● **TASK INSTRUCTIONS**: No pictures go into the copy. Write out exactly the lines below from the one containing "Hey, Tony here." through the one containing "Take big deep".

● **EXERCISE MATERIALS**:

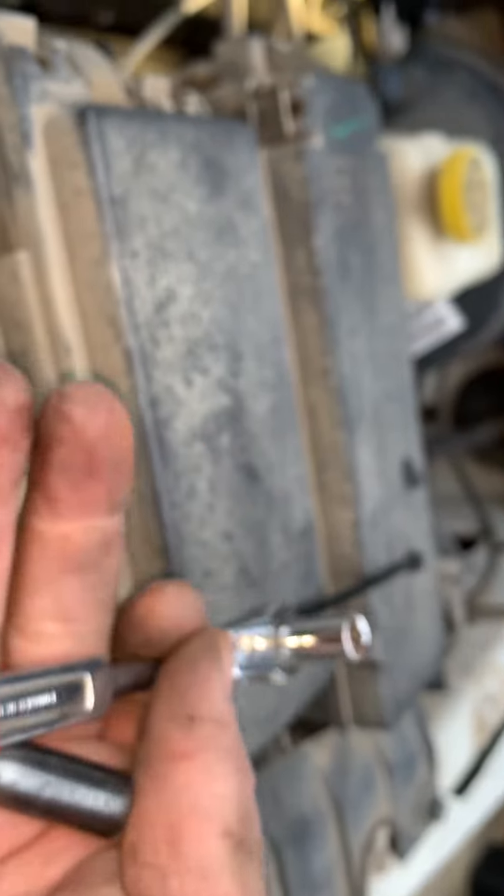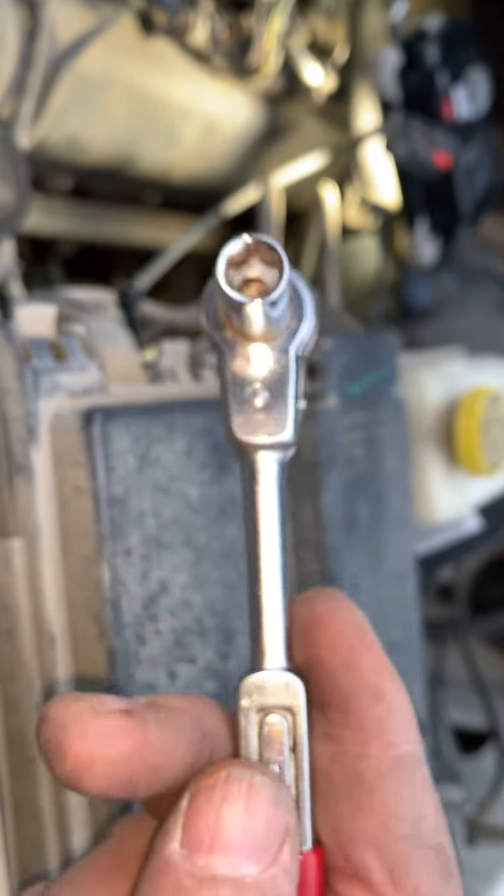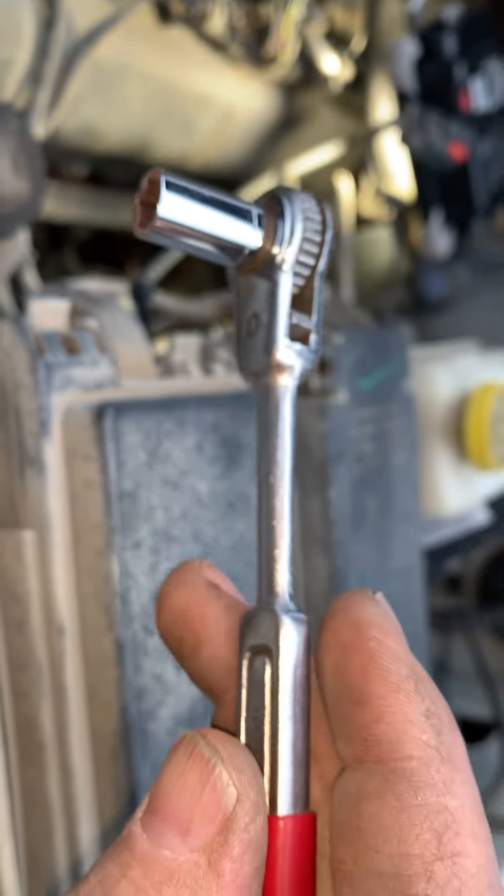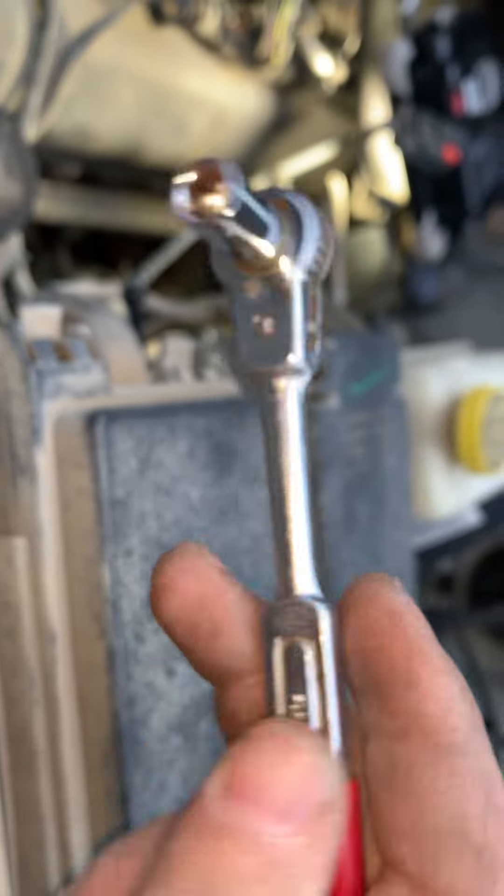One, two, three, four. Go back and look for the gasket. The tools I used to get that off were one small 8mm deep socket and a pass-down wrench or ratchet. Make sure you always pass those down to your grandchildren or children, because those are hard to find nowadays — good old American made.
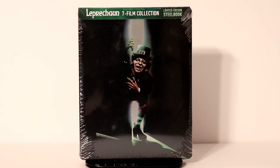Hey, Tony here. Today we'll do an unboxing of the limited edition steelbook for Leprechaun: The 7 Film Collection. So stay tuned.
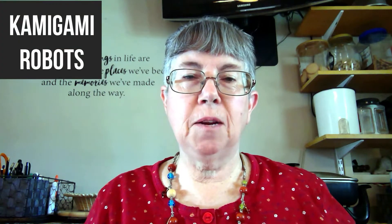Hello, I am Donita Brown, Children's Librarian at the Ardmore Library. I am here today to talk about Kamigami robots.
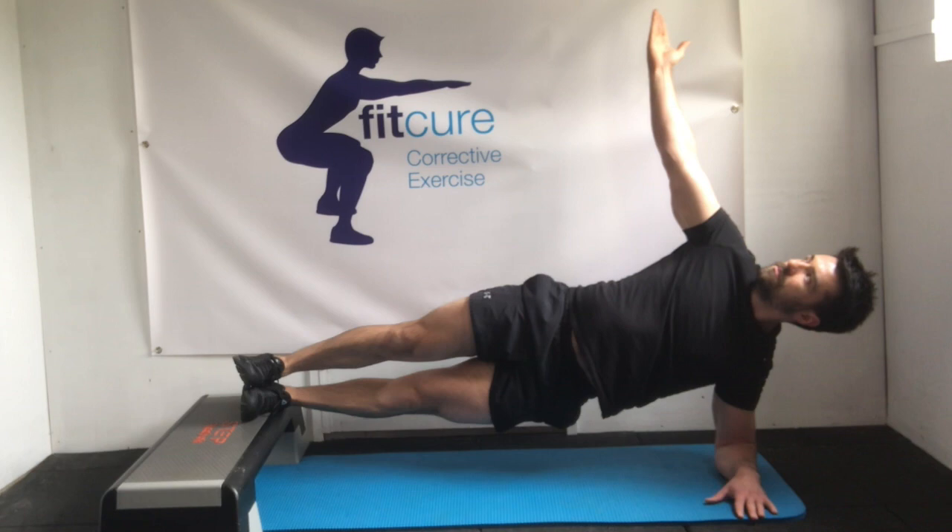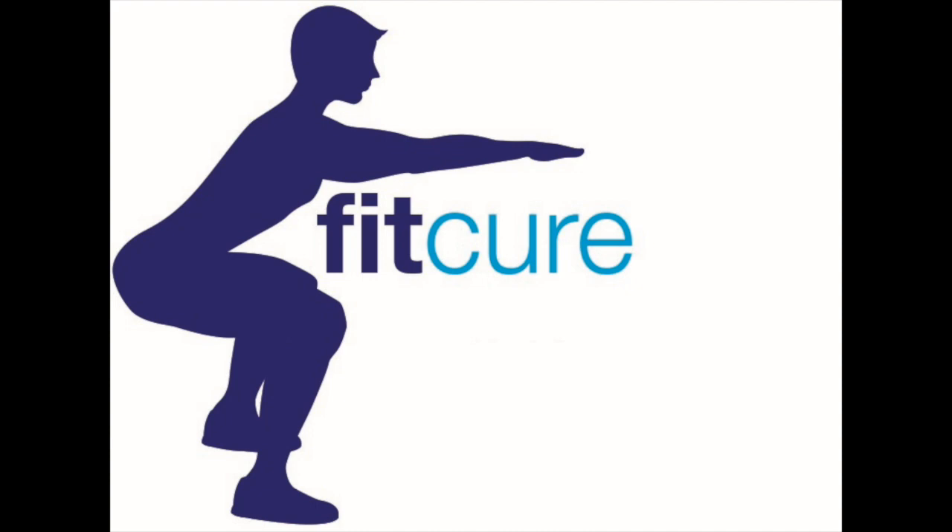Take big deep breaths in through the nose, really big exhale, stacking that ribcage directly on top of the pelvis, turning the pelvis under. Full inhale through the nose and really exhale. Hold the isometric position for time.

---

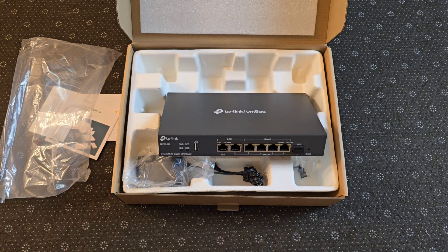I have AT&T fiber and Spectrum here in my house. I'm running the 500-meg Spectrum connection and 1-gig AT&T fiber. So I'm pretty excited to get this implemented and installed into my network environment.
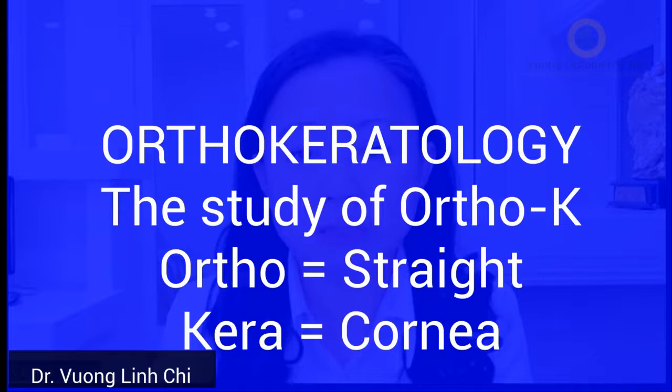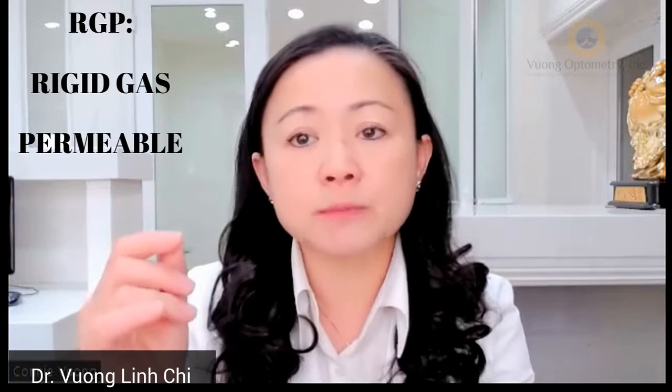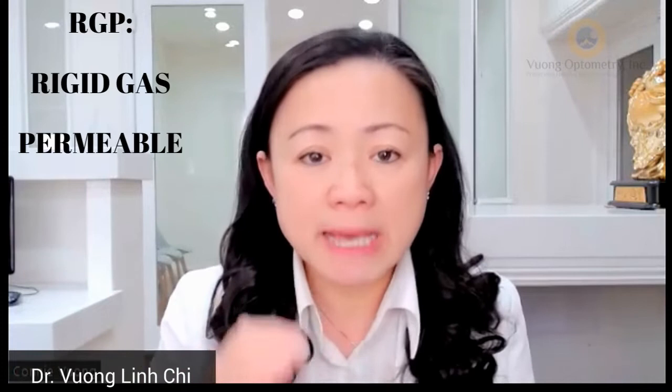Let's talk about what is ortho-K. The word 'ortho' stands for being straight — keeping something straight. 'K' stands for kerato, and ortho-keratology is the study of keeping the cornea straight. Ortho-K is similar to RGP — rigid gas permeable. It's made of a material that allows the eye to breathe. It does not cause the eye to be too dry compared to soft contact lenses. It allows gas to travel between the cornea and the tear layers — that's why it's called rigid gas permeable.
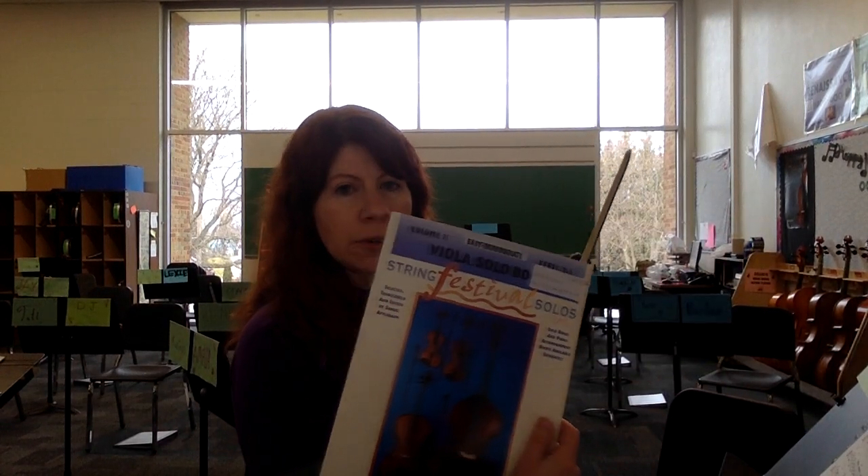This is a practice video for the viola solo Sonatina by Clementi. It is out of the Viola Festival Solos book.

--

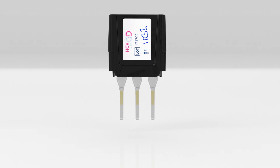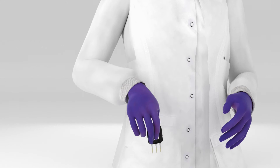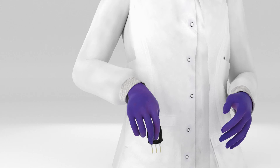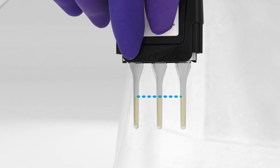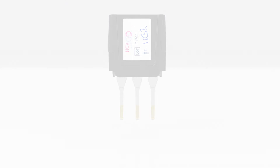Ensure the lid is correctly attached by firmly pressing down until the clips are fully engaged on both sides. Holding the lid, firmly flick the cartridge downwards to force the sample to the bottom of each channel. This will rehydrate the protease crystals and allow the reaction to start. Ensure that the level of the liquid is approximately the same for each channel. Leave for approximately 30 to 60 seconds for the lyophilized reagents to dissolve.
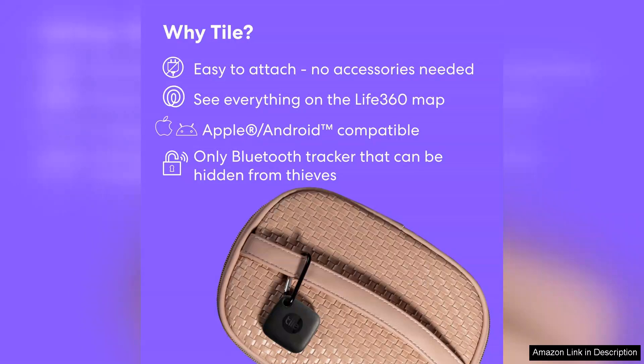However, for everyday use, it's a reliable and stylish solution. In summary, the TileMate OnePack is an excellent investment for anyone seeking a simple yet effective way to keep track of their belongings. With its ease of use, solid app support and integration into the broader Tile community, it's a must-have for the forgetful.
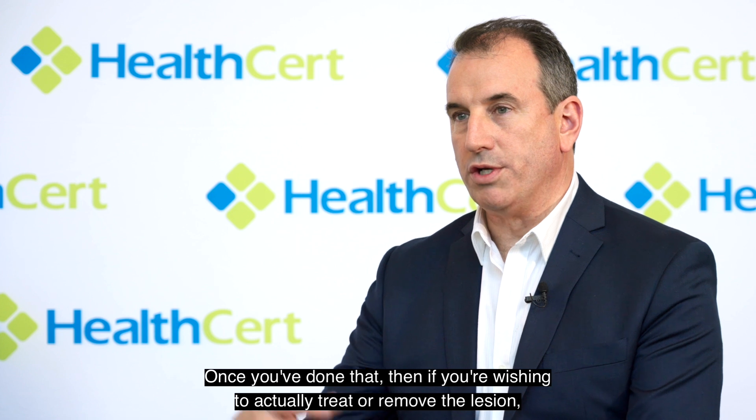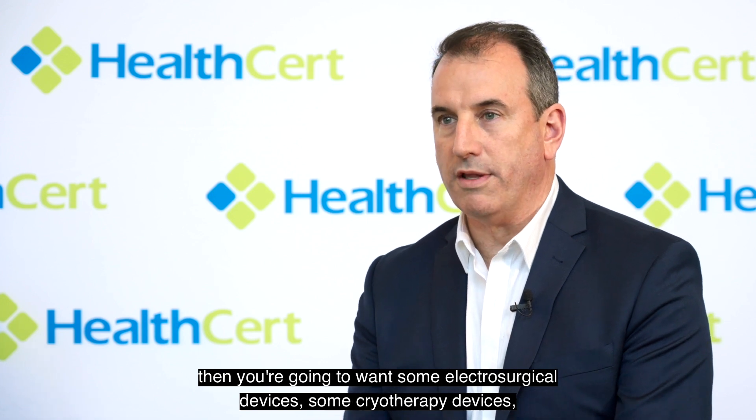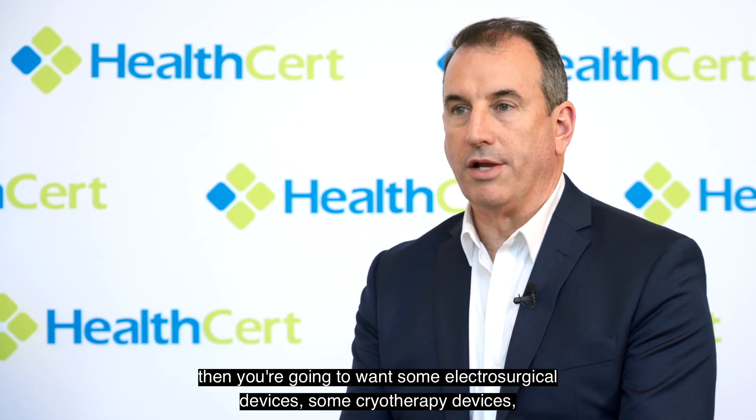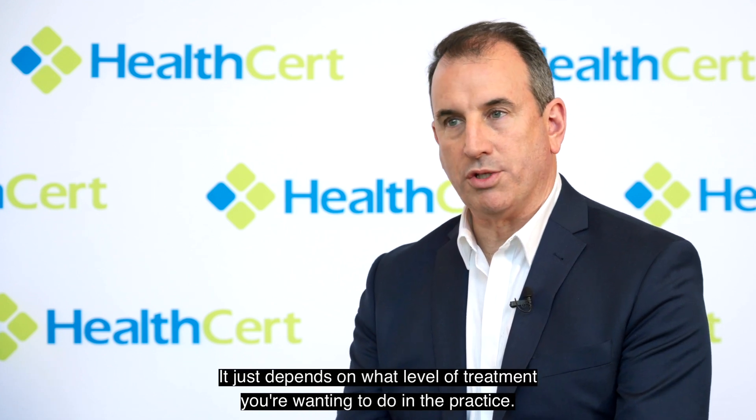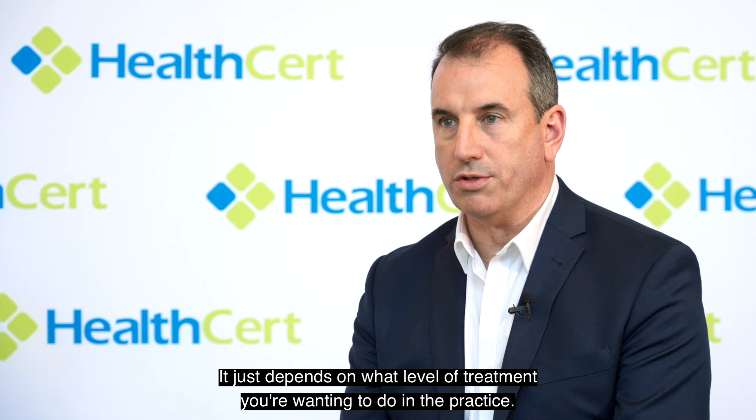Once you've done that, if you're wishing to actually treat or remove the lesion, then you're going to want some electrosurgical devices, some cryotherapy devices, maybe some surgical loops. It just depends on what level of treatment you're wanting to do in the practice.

● **RESPONSE BOX**:
Hey, Tony here. Today we'll do an unboxing of the limited edition steelbook for Leprechaun: The 7 Film Collection. So stay tuned.
Hello, I am Donita Brown, Children's Librarian at the Ardmore Library. I am here today to talk about Kamigami robots.
Take big deep breaths in through the nose, really big exhale, stacking that ribcage directly on top of the pelvis, turning the pelvis under. Full inhale through the nose and really exhale. Hold the isometric position for time.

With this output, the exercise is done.